The scoreboard also reports precision and recall per delta kind. This reveals where extraction is strong and where it’s weak:

  • goal_set — 100% recall across all models. Solved.
  • constraint_added — 50-100% recall. Basically solved.
  • decision_made — 0-50% recall. The main recall drag.
  • decision_revised — 0% for most models.
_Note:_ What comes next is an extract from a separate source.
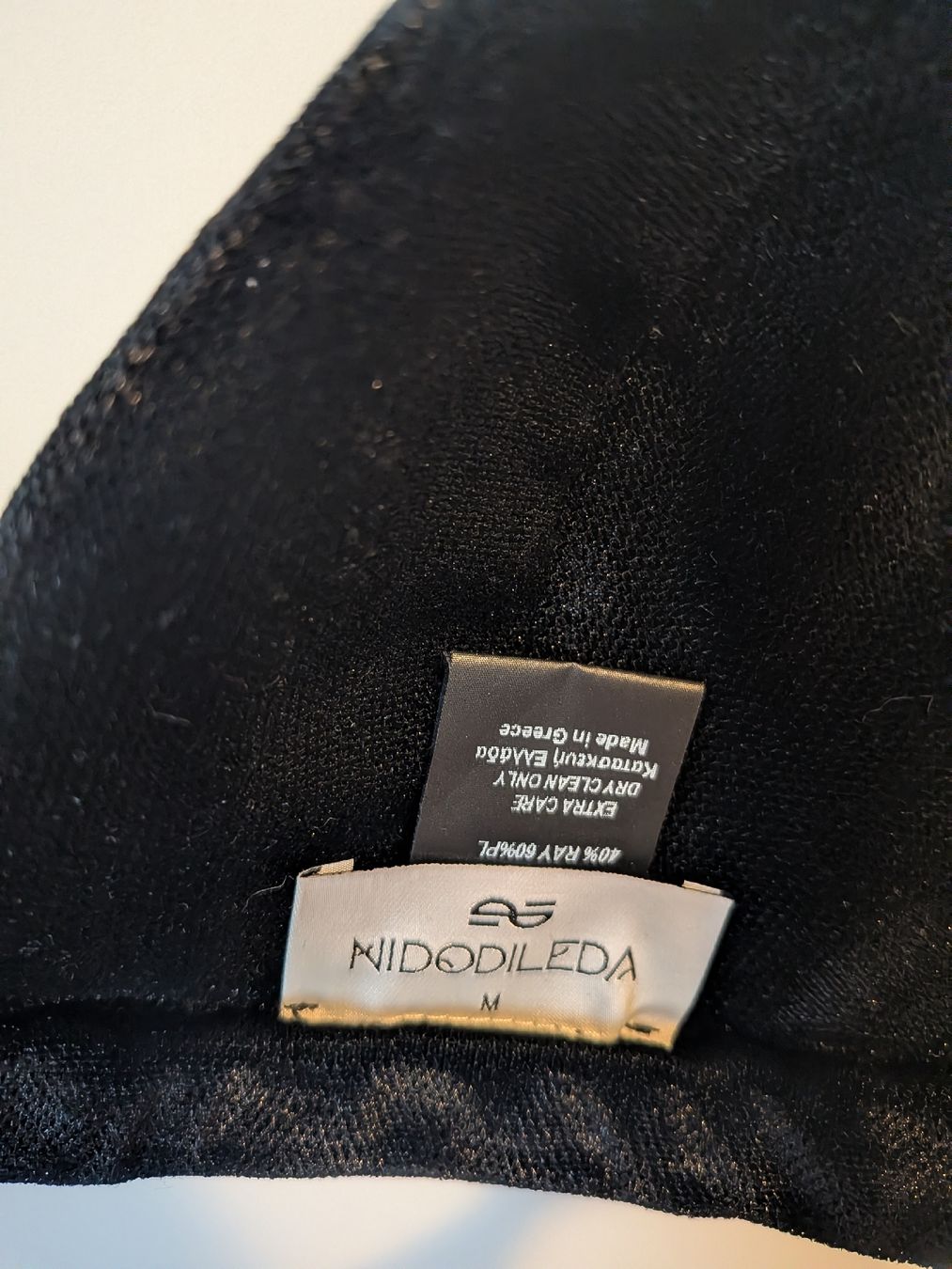 Top: Nidodileda "Filia" velvet bra top - never worn – Nuovo (secondo la descrizione) da Wettingen venduto da ann_hzb5 3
The real sinkhole.

Match class distribution

When evaluating against expected deltas, each match is classified:

  • Exact — same item ID (the extractor found the same item the gold label expected)
  • Semantic — different ID but same semantic ID (equivalent meaning, different label)
  • Fuzzy — word overlap above threshold but not semantic match
  • Missed — expected delta not found at all

Scaling results

The core scaling thesis: state grows sublinearly while transcript grows linearly.
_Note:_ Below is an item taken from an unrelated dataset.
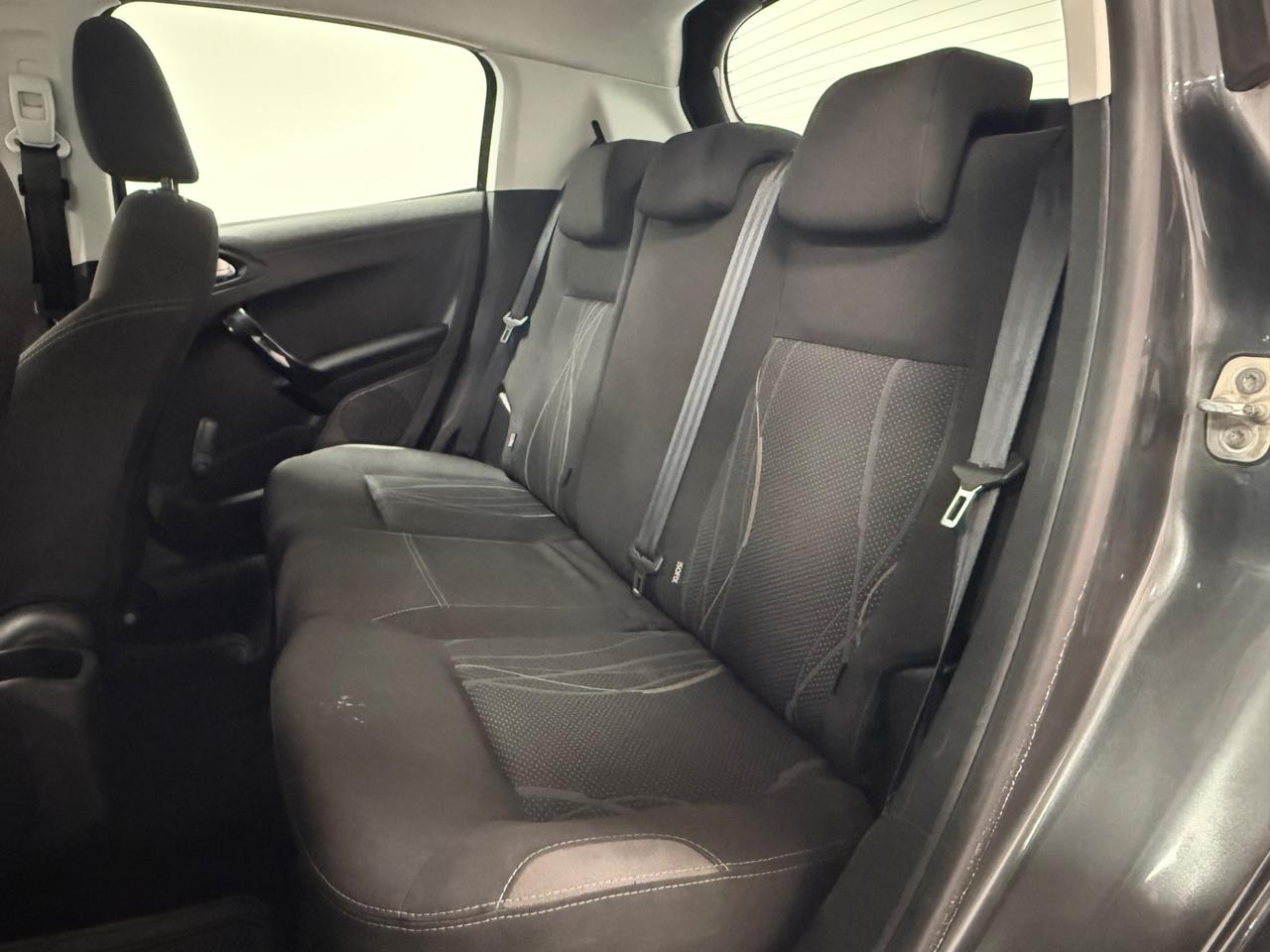 Peugeot 208 1.4 HDi 68 CV 5 porte Active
MetricShort (9-14 turns)Long (56-62 turns)
Savings vs raw29%52%
Items vs turns~linearsublinear (2.9x items for 5x turns)
State-change density92%56% (sparser at scale)
Query score6/66/6
Overhead vs gold1.69x2.36x (under 3x threshold)

The compression improvement with length is the key finding. Short transcripts can inflate (metadata overhead exceeds savings). But by 56+ turns, DeltaMind is compressing 4-8x while maintaining full query capability and provenance.

Why this happens

Most turns in a long conversation are elaboration, not mutation. The extractor identifies the sparse state changes and ignores the rest. The ratio of state-relevant turns to total turns drops as the conversation grows.

This is why summaries fail at scale — they compress everything equally, including the important parts. DeltaMind compresses by identifying what matters and discarding what doesn’t.

Model sweep results

Three models tested across four fixtures:

ModelClean precisionClean recallPathological canonSafety
gemma2:9b100%78%0%SAFE
phi4:14b86%67%0%SAFE
qwen2.5:14b100%56%0%SAFE
llama3.1:8b100%45%14.3%UNSAFE

gemma2:9b became the default based on these results: best precision/recall balance, zero canonization, smaller and faster than 14B alternatives.

llama3.1:8b was blocked after it promoted hedged “Use Redis” to decision_made on the pathological fixture. A model that canonizes in controlled testing will canonize in production.

Dogfood results

Three realistic session types processed through the full pipeline:

SessionTurnsItemsCompressionSave/load stable
Coding (auth refactor)35722% of rawYes
Product (CLI planning)28725% of rawYes
Messy (brainstorming)32818% of rawYes

All gates pass: zero false canonization, zero hypothesis promotion, zero advisory boundary leaks, round-trip stable save/load.